[DESCRIPTION OF THE TASK]
Skipping all pictures, print exactly the lines below from the one with "Ford Escape — Фото автомобиля 2" through the final line.

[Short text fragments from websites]

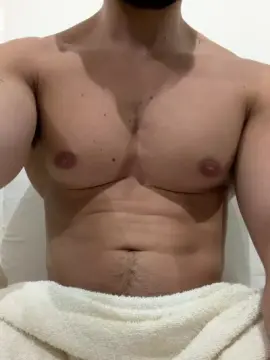 Cam4 Sex Cam of FelipeGutierrez
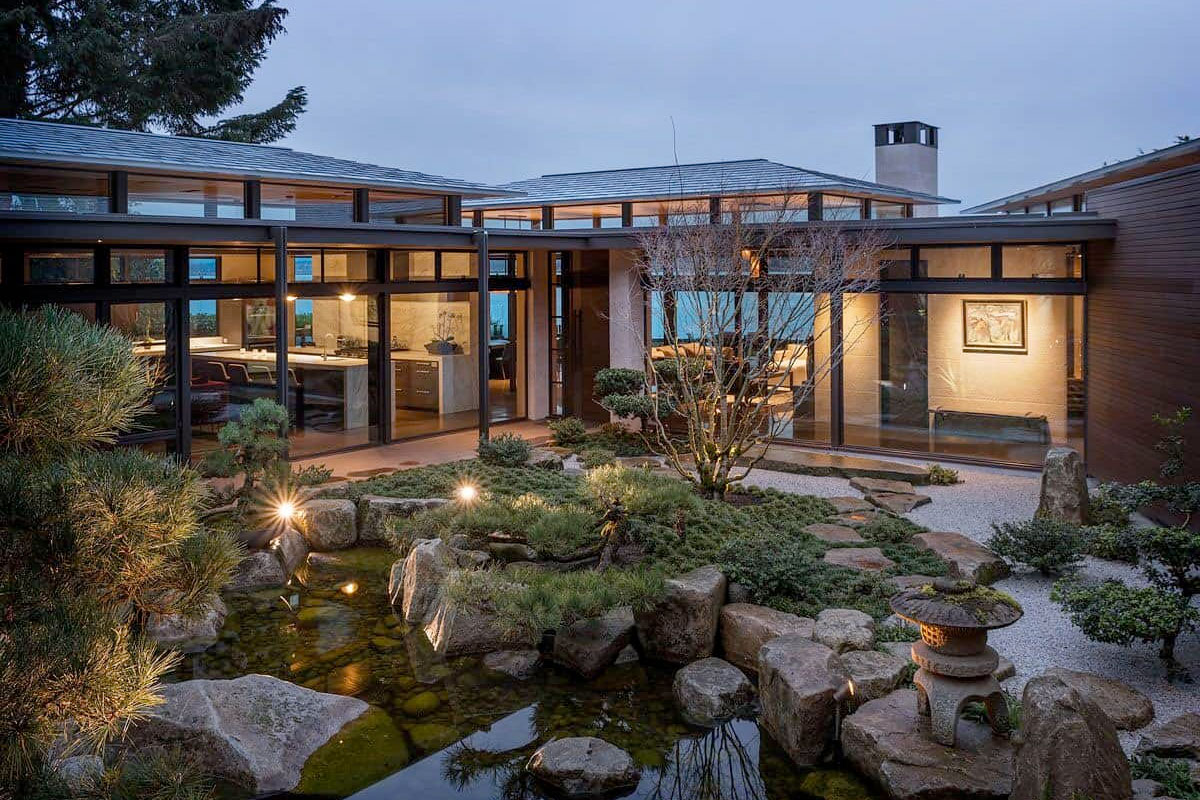 Vườn Nhật kiểu hiện đại với đầy đủ các yếu tố: cây, đá, nước, lối đi,..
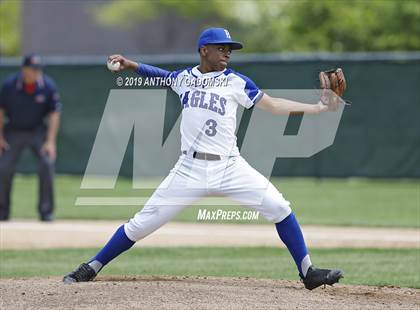 Thumbnail 1 in Bogan vs. Brooks (IHSA Regional Final) photogallery.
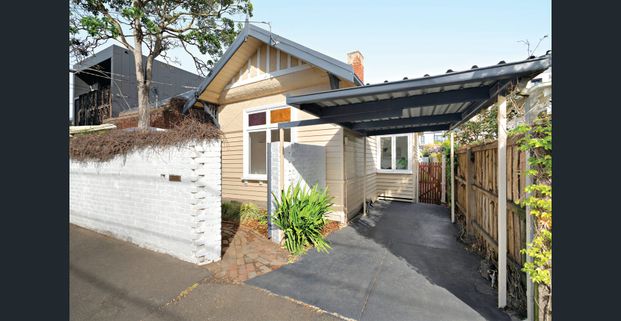 A Refined Edwardian Sanctuary with Inner-Urban Prestige - Photo 1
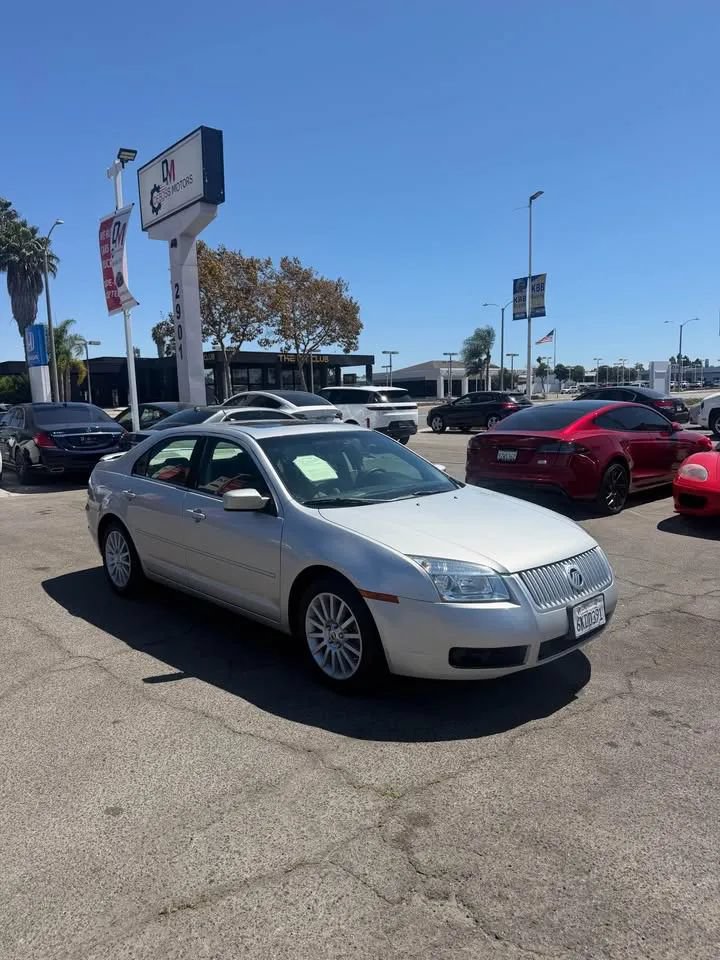 Used 2009 Mercury Milan Premier FWD image 3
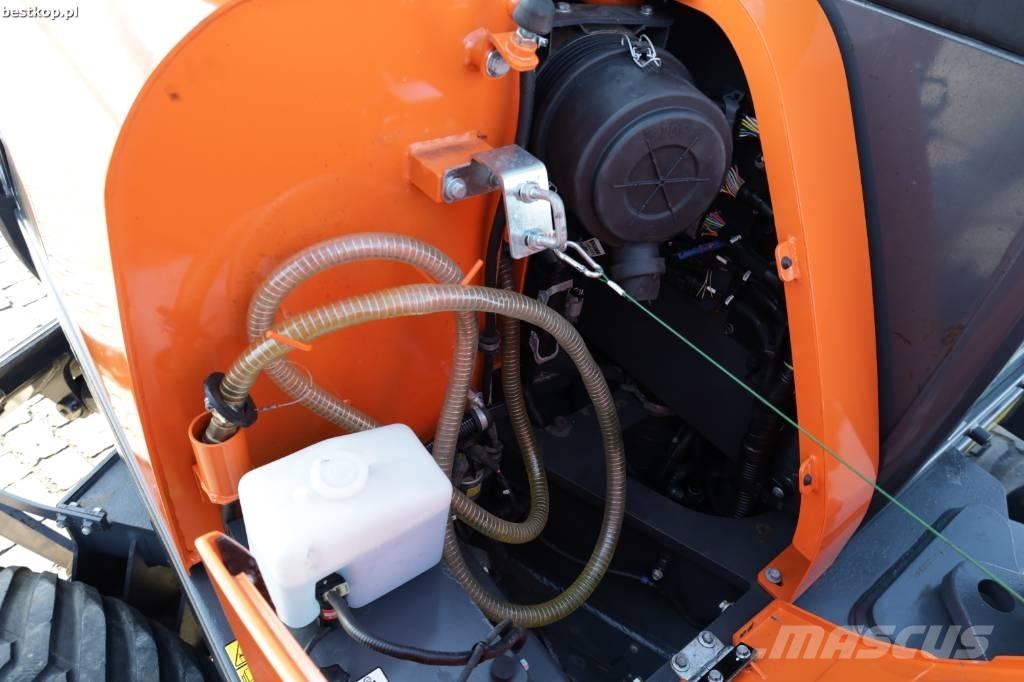 Doosan DX 57 W-5 Колісні екскаватори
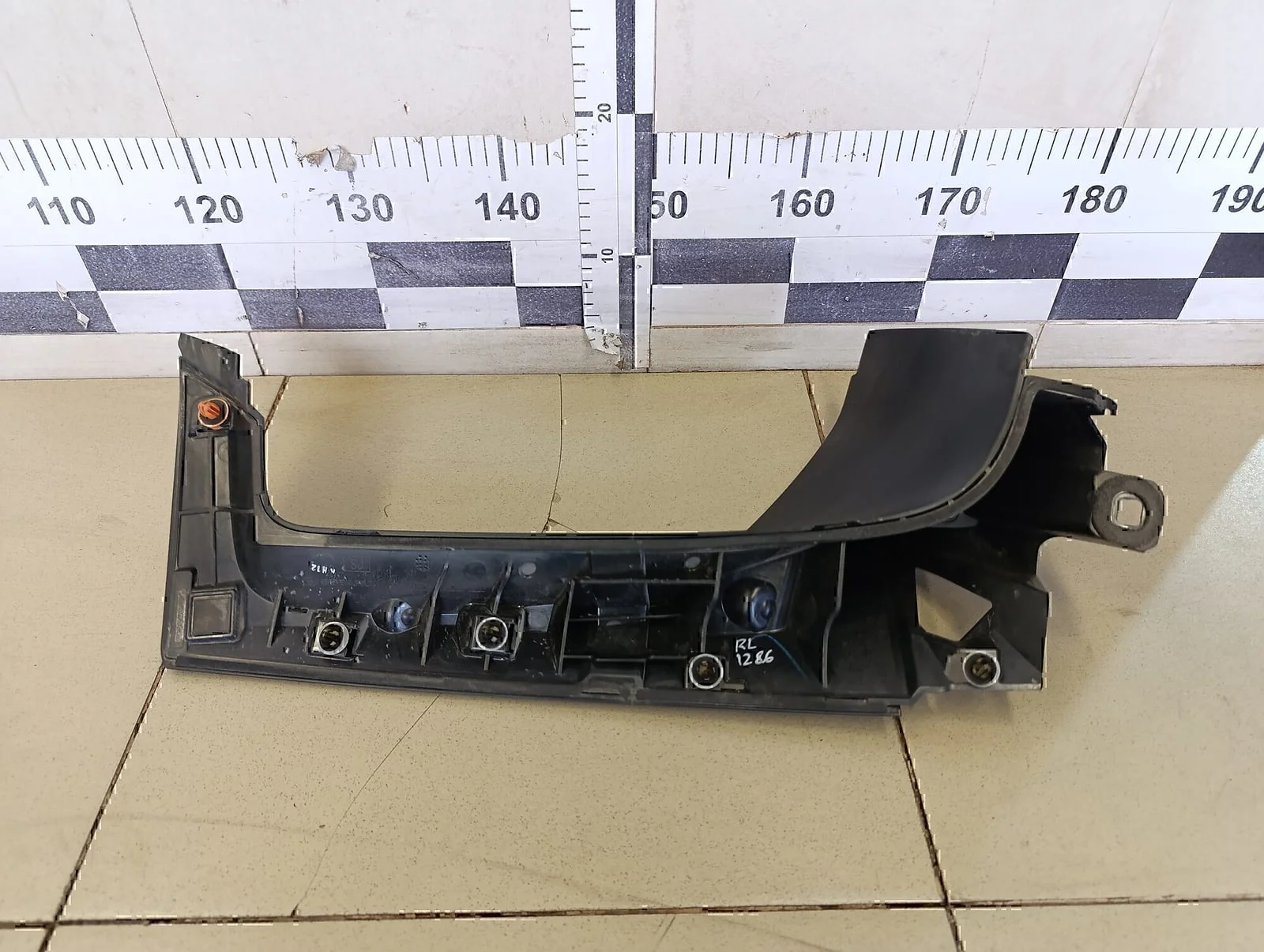 Накладка крышки багажника Subaru Forester (S14) 2019- - миниатюра 3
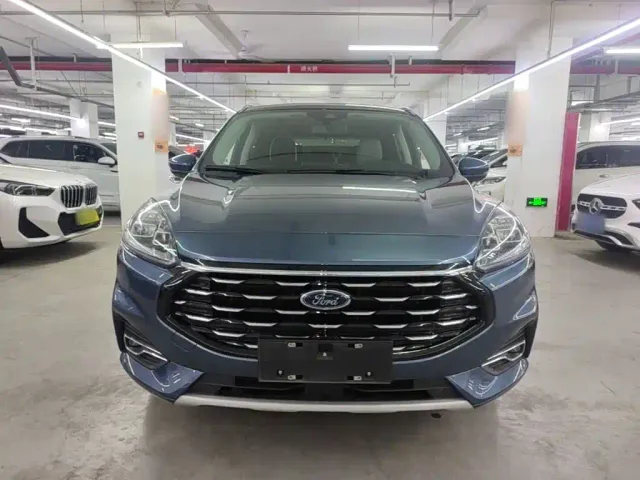 Ford Escape — Фото автомобиля 2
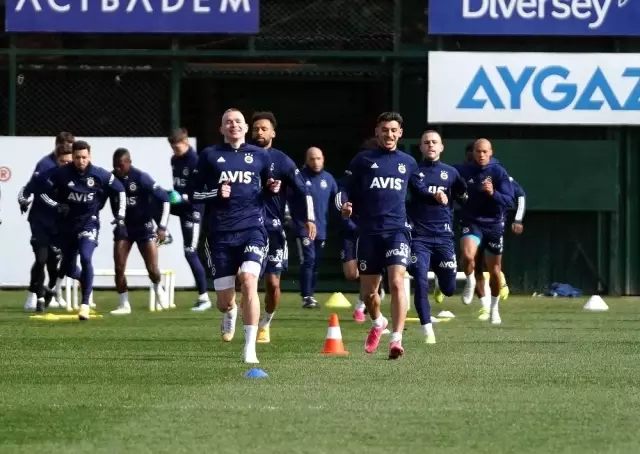 Fenerbahçe, Beşiktaş derbisi hazırlıklarını sürdürdü Fenerbahçe, Beşiktaş derbisi hazırlıklarını sürdürdü
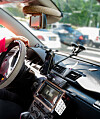 Glittret och blinget i bilen har sin funktion. Det går kunderna att börja småprata vilket kan leda till djupare samtal.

[WRITTEN ANSWER]
 Ford Escape — Фото автомобиля 2
 Fenerbahçe, Beşiktaş derbisi hazırlıklarını sürdürdü Fenerbahçe, Beşiktaş derbisi hazırlıklarını sürdürdü
 Glittret och blinget i bilen har sin funktion. Det går kunderna att börja småprata vilket kan leda till djupare samtal.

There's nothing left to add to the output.